* _Problem_:
The records below need copying. Match each line exactly.

•••••

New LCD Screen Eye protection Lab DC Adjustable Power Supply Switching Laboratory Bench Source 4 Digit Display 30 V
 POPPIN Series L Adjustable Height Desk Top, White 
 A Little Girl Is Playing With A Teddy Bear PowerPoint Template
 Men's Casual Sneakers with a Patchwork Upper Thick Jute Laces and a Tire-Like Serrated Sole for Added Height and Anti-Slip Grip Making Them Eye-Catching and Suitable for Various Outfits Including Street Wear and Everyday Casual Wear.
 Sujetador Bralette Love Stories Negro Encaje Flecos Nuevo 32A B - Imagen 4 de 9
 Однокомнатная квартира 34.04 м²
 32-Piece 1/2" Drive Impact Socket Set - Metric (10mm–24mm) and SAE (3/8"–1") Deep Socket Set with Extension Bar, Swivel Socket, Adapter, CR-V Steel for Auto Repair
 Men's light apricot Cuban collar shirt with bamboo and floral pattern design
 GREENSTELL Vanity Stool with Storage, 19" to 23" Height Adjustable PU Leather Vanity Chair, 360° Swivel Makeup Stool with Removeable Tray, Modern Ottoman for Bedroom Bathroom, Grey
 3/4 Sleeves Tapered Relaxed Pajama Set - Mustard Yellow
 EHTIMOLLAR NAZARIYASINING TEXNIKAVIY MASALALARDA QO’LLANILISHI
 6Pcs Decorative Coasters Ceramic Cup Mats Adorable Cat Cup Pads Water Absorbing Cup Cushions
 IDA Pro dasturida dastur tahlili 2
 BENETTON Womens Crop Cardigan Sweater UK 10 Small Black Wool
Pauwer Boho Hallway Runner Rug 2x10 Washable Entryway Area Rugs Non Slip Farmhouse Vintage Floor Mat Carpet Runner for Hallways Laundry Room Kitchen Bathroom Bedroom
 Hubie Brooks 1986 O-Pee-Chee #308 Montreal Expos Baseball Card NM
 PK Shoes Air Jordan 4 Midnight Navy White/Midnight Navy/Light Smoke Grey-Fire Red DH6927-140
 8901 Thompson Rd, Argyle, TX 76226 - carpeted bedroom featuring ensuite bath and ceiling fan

•••••

* _Task output_:
New LCD Screen Eye protection Lab DC Adjustable Power Supply Switching Laboratory Bench Source 4 Digit Display 30 V
 POPPIN Series L Adjustable Height Desk Top, White 
 A Little Girl Is Playing With A Teddy Bear PowerPoint Template
 Men's Casual Sneakers with a Patchwork Upper Thick Jute Laces and a Tire-Like Serrated Sole for Added Height and Anti-Slip Grip Making Them Eye-Catching and Suitable for Various Outfits Including Street Wear and Everyday Casual Wear.
 Sujetador Bralette Love Stories Negro Encaje Flecos Nuevo 32A B - Imagen 4 de 9
 Однокомнатная квартира 34.04 м²
 32-Piece 1/2" Drive Impact Socket Set - Metric (10mm–24mm) and SAE (3/8"–1") Deep Socket Set with Extension Bar, Swivel Socket, Adapter, CR-V Steel for Auto Repair
 Men's light apricot Cuban collar shirt with bamboo and floral pattern design
 GREENSTELL Vanity Stool with Storage, 19" to 23" Height Adjustable PU Leather Vanity Chair, 360° Swivel Makeup Stool with Removeable Tray, Modern Ottoman for Bedroom Bathroom, Grey
 3/4 Sleeves Tapered Relaxed Pajama Set - Mustard Yellow
 EHTIMOLLAR NAZARIYASINING TEXNIKAVIY MASALALARDA QO’LLANILISHI
 6Pcs Decorative Coasters Ceramic Cup Mats Adorable Cat Cup Pads Water Absorbing Cup Cushions
 IDA Pro dasturida dastur tahlili 2
 BENETTON Womens Crop Cardigan Sweater UK 10 Small Black Wool
Pauwer Boho Hallway Runner Rug 2x10 Washable Entryway Area Rugs Non Slip Farmhouse Vintage Floor Mat Carpet Runner for Hallways Laundry Room Kitchen Bathroom Bedroom
 Hubie Brooks 1986 O-Pee-Chee #308 Montreal Expos Baseball Card NM
 PK Shoes Air Jordan 4 Midnight Navy White/Midnight Navy/Light Smoke Grey-Fire Red DH6927-140
 8901 Thompson Rd, Argyle, TX 76226 - carpeted bedroom featuring ensuite bath and ceiling fan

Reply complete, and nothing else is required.